==== SUPPLIED DATA
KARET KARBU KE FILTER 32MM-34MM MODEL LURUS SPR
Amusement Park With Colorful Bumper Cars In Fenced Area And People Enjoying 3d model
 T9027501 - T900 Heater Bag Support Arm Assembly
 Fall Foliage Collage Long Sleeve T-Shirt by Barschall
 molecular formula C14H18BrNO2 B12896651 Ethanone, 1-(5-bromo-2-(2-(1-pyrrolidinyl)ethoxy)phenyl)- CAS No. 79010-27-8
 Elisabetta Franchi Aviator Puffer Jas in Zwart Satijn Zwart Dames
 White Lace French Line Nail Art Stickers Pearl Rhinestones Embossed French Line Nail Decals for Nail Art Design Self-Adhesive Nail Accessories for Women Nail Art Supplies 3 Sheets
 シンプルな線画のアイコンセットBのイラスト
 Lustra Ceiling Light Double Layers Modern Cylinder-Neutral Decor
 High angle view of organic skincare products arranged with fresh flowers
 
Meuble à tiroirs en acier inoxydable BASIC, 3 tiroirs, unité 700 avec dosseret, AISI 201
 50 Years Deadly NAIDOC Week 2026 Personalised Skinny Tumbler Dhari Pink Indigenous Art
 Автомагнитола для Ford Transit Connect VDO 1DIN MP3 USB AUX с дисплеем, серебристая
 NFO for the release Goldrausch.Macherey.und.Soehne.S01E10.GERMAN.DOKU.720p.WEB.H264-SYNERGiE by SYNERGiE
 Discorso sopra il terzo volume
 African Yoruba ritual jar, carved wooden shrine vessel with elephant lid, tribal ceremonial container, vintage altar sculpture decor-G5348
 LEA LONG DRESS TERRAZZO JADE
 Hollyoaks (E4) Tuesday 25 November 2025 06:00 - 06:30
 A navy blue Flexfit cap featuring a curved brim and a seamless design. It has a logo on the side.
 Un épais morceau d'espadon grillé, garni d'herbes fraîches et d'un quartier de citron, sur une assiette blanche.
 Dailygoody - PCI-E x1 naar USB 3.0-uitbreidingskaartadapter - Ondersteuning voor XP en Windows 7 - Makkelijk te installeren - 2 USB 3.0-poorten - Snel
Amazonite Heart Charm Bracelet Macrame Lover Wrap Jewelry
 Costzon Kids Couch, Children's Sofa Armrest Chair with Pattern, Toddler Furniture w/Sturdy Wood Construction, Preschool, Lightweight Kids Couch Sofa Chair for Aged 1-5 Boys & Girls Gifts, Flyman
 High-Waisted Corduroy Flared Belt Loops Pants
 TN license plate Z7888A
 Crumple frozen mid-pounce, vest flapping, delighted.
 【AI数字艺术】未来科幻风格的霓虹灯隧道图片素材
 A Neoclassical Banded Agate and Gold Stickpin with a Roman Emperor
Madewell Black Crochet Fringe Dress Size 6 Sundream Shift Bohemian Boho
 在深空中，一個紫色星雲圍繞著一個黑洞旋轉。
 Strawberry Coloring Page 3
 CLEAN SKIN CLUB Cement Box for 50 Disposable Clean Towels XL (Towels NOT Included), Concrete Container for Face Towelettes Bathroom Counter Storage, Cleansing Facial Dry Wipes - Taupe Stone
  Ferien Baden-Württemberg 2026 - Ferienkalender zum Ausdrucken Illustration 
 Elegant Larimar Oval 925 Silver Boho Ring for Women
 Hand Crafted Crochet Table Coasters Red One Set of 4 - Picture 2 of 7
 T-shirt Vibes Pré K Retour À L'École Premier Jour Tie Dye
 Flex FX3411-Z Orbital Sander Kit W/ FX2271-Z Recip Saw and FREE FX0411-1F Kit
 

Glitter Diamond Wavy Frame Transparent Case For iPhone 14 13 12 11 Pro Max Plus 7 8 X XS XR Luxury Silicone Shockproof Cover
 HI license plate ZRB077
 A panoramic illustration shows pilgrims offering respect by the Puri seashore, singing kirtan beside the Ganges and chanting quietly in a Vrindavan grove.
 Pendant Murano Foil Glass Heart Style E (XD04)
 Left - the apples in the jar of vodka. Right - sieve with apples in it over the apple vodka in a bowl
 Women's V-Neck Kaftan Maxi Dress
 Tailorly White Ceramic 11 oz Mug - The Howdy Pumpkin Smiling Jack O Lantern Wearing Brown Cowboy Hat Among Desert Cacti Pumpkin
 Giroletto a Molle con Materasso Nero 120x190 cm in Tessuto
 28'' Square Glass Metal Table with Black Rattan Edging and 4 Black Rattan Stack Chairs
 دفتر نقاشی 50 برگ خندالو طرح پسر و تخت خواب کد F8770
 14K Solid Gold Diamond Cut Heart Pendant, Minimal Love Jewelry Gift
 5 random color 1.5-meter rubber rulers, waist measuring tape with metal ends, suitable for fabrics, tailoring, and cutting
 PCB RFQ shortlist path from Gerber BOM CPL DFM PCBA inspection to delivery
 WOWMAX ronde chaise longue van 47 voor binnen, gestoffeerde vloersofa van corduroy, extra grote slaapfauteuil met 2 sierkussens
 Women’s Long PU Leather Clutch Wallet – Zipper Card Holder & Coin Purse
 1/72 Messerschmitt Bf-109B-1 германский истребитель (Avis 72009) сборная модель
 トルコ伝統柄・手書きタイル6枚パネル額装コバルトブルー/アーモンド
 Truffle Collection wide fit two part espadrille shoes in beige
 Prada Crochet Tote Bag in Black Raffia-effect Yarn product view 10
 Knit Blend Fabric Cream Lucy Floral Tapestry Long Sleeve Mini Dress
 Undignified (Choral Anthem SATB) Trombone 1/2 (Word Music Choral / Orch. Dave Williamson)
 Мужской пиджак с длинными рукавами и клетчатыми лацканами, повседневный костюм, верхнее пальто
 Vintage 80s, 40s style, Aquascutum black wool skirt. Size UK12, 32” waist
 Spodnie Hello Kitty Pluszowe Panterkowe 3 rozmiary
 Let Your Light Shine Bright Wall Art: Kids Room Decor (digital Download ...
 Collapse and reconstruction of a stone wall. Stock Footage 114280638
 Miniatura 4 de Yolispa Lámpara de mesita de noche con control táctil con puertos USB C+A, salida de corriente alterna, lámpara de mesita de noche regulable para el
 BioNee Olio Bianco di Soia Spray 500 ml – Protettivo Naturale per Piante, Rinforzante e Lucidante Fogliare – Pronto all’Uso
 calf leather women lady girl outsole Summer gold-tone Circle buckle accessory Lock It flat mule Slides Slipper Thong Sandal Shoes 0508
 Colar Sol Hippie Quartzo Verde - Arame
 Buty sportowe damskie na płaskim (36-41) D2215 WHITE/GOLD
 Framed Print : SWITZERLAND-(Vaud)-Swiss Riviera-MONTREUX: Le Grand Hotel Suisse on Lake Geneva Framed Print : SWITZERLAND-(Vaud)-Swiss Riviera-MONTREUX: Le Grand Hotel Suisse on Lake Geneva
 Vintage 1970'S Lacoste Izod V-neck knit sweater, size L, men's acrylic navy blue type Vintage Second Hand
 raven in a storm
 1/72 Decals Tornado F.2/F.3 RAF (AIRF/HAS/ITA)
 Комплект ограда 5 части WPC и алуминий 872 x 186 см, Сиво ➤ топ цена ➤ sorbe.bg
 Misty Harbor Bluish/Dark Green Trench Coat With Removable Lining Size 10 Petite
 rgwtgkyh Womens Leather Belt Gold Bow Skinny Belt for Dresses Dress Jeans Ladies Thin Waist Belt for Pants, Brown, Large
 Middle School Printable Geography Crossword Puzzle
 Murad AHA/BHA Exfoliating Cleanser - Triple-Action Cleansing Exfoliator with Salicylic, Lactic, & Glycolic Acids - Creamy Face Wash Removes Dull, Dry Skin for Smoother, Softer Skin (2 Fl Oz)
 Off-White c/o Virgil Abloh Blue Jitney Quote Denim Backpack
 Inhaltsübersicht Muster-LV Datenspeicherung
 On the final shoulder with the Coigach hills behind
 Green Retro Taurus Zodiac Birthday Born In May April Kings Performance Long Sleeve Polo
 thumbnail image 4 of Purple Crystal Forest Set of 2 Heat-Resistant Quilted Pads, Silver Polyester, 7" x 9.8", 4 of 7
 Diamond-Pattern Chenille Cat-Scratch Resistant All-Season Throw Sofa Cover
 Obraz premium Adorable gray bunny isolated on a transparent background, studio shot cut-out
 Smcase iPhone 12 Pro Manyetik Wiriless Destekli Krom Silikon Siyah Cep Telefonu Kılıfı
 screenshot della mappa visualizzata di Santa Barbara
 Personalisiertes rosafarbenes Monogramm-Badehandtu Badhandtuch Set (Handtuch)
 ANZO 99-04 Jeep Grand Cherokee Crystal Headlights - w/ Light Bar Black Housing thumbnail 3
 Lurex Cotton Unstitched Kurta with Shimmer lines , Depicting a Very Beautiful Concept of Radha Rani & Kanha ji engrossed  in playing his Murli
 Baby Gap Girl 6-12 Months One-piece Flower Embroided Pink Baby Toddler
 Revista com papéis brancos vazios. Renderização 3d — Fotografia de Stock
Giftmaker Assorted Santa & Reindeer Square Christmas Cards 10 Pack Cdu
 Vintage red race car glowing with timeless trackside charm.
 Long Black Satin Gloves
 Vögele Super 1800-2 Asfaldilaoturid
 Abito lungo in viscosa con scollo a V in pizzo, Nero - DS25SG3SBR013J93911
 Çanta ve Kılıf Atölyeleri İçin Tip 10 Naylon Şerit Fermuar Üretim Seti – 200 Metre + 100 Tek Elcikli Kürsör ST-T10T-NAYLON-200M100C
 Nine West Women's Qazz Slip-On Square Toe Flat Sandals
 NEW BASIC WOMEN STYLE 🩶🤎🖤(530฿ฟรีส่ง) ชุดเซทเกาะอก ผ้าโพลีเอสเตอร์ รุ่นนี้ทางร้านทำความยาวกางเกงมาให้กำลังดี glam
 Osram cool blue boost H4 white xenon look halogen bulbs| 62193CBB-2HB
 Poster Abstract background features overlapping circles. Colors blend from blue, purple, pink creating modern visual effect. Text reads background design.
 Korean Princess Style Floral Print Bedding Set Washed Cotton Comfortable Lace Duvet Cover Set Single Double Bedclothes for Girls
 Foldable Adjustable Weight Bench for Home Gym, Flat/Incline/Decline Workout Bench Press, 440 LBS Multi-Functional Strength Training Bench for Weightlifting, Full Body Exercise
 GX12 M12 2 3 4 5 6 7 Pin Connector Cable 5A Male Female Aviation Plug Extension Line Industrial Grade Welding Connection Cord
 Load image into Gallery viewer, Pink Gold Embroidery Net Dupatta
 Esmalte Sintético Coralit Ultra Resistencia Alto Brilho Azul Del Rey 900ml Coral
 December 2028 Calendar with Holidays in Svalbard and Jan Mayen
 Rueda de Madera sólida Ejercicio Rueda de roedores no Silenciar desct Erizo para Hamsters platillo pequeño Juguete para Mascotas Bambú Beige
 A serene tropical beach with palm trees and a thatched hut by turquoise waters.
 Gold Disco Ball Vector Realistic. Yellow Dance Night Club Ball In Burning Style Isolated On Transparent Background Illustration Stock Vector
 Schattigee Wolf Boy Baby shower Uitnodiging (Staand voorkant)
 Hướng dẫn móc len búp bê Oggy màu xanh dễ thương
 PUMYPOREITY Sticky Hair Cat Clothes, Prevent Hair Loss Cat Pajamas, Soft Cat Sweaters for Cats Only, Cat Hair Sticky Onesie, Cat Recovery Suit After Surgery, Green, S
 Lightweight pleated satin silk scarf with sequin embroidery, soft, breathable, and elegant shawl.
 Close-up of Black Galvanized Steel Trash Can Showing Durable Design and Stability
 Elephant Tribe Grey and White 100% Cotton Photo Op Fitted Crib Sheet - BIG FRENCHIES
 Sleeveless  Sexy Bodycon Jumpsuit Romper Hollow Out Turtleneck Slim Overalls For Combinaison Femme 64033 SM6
========
PROBLEM DESCRIPTION. Print exactly the lines from the beginning of the entries through the line with "Amazonite Heart Charm". Output nothing more.

WRITTEN ANSWER.
KARET KARBU KE FILTER 32MM-34MM MODEL LURUS SPR
Amusement Park With Colorful Bumper Cars In Fenced Area And People Enjoying 3d model
 T9027501 - T900 Heater Bag Support Arm Assembly
 Fall Foliage Collage Long Sleeve T-Shirt by Barschall
 molecular formula C14H18BrNO2 B12896651 Ethanone, 1-(5-bromo-2-(2-(1-pyrrolidinyl)ethoxy)phenyl)- CAS No. 79010-27-8
 Elisabetta Franchi Aviator Puffer Jas in Zwart Satijn Zwart Dames
 White Lace French Line Nail Art Stickers Pearl Rhinestones Embossed French Line Nail Decals for Nail Art Design Self-Adhesive Nail Accessories for Women Nail Art Supplies 3 Sheets
 シンプルな線画のアイコンセットBのイラスト
 Lustra Ceiling Light Double Layers Modern Cylinder-Neutral Decor
 High angle view of organic skincare products arranged with fresh flowers
 
Meuble à tiroirs en acier inoxydable BASIC, 3 tiroirs, unité 700 avec dosseret, AISI 201
 50 Years Deadly NAIDOC Week 2026 Personalised Skinny Tumbler Dhari Pink Indigenous Art
 Автомагнитола для Ford Transit Connect VDO 1DIN MP3 USB AUX с дисплеем, серебристая
 NFO for the release Goldrausch.Macherey.und.Soehne.S01E10.GERMAN.DOKU.720p.WEB.H264-SYNERGiE by SYNERGiE
 Discorso sopra il terzo volume
 African Yoruba ritual jar, carved wooden shrine vessel with elephant lid, tribal ceremonial container, vintage altar sculpture decor-G5348
 LEA LONG DRESS TERRAZZO JADE
 Hollyoaks (E4) Tuesday 25 November 2025 06:00 - 06:30
 A navy blue Flexfit cap featuring a curved brim and a seamless design. It has a logo on the side.
 Un épais morceau d'espadon grillé, garni d'herbes fraîches et d'un quartier de citron, sur une assiette blanche.
 Dailygoody - PCI-E x1 naar USB 3.0-uitbreidingskaartadapter - Ondersteuning voor XP en Windows 7 - Makkelijk te installeren - 2 USB 3.0-poorten - Snel
Amazonite Heart Charm Bracelet Macrame Lover Wrap Jewelry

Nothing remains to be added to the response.